[[ Information supplied open ]]

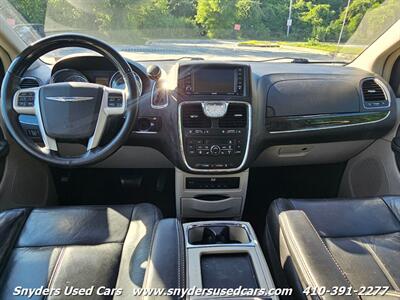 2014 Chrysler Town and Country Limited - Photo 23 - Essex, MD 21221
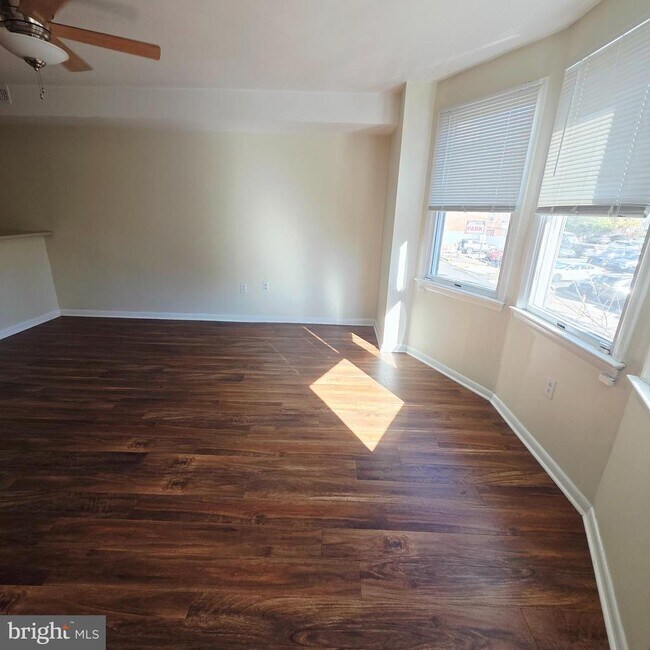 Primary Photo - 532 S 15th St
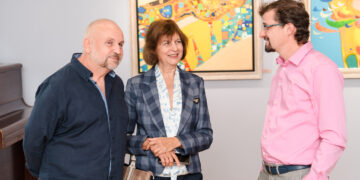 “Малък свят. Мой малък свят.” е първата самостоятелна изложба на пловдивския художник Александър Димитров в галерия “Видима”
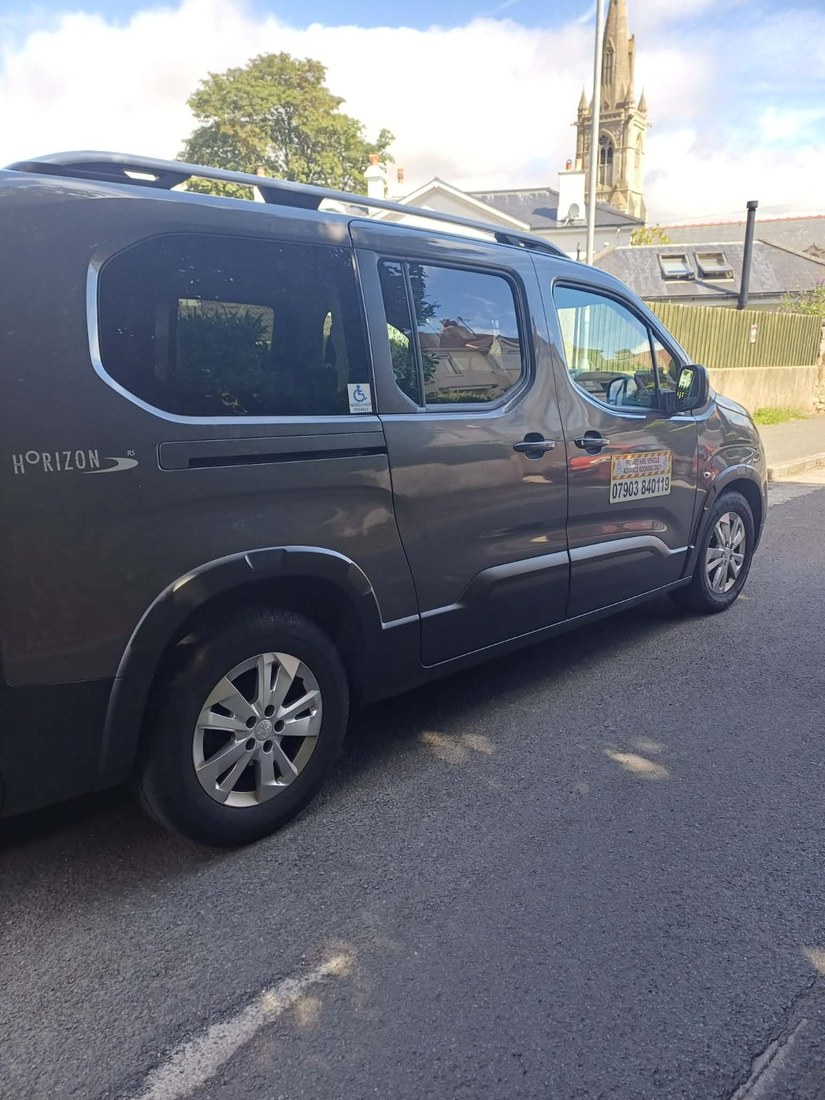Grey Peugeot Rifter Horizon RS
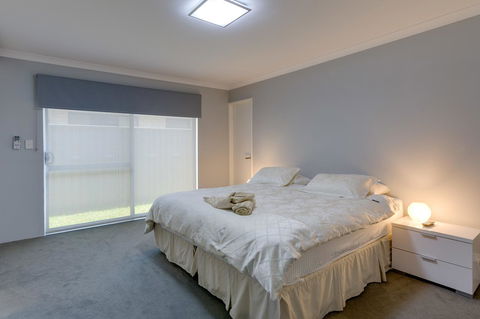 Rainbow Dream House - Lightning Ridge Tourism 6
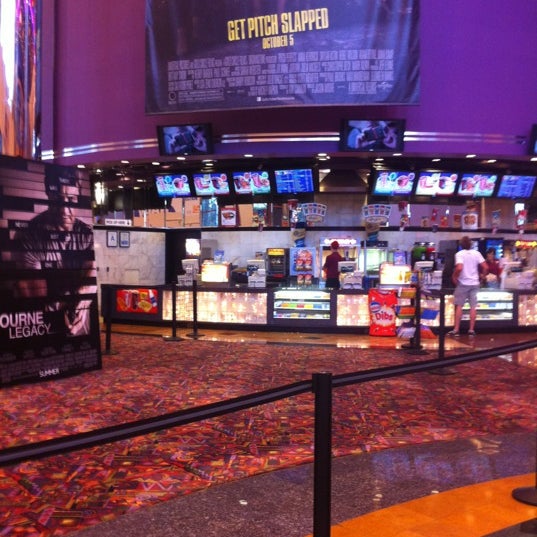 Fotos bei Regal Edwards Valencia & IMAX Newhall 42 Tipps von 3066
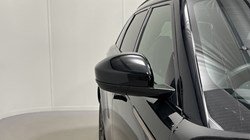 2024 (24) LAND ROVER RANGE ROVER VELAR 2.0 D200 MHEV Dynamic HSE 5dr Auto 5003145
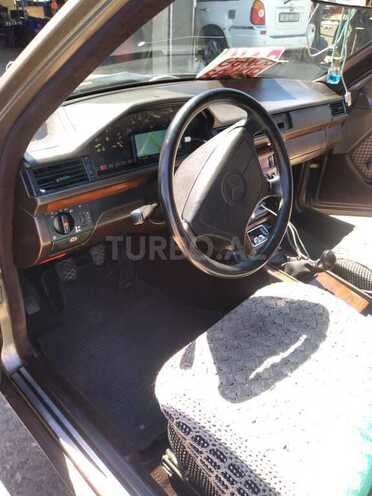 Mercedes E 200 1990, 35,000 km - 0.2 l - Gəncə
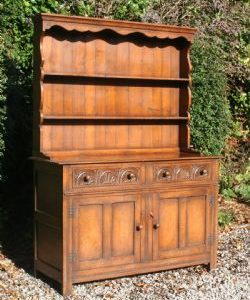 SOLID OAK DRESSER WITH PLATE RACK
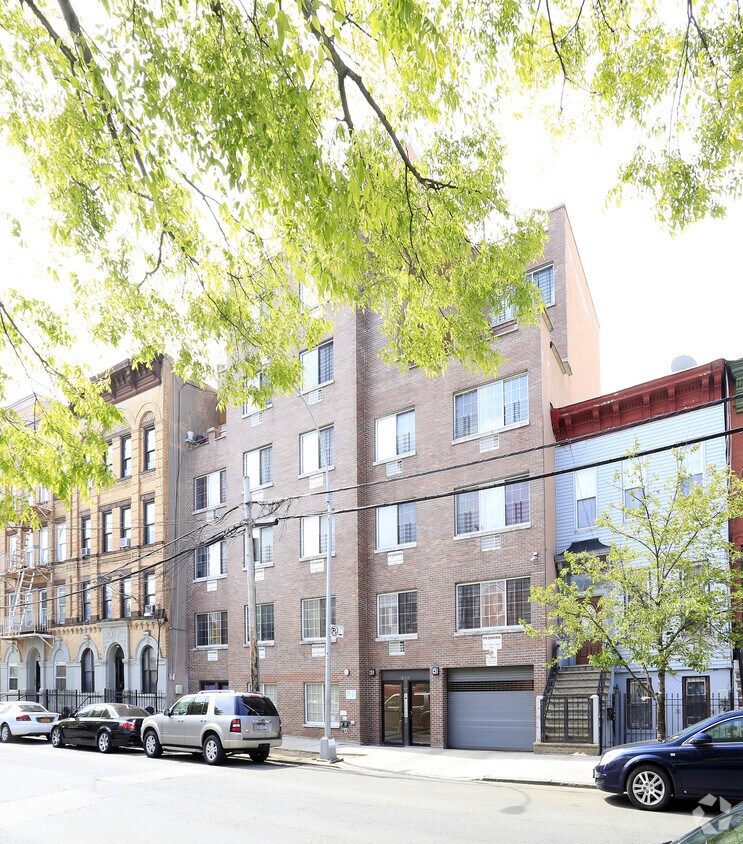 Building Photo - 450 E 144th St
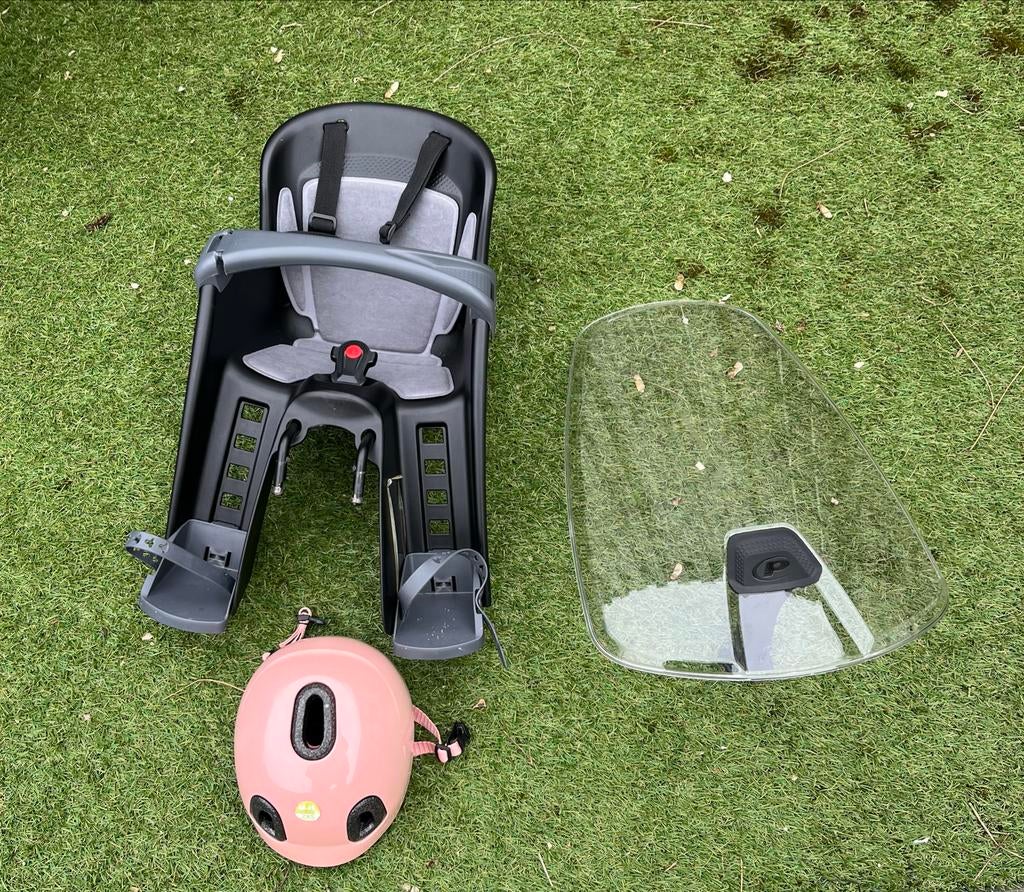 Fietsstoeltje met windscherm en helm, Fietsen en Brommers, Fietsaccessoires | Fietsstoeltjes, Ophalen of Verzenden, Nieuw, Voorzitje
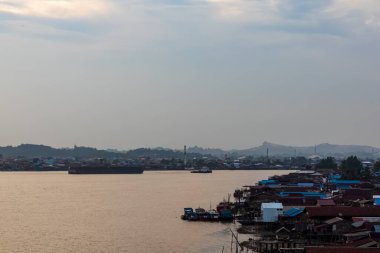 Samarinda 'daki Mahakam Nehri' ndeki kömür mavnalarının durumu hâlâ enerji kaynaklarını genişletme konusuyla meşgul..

[[ Information supplied closed ]]

■ **About this exercise**
The required output is the lines from the one containing "Building Photo - 450 E 144th St" through the end of the data, printed exactly, with no pictures.

■ **Output**
 Building Photo - 450 E 144th St
 Fietsstoeltje met windscherm en helm, Fietsen en Brommers, Fietsaccessoires | Fietsstoeltjes, Ophalen of Verzenden, Nieuw, Voorzitje
 Samarinda 'daki Mahakam Nehri' ndeki kömür mavnalarının durumu hâlâ enerji kaynaklarını genişletme konusuyla meşgul..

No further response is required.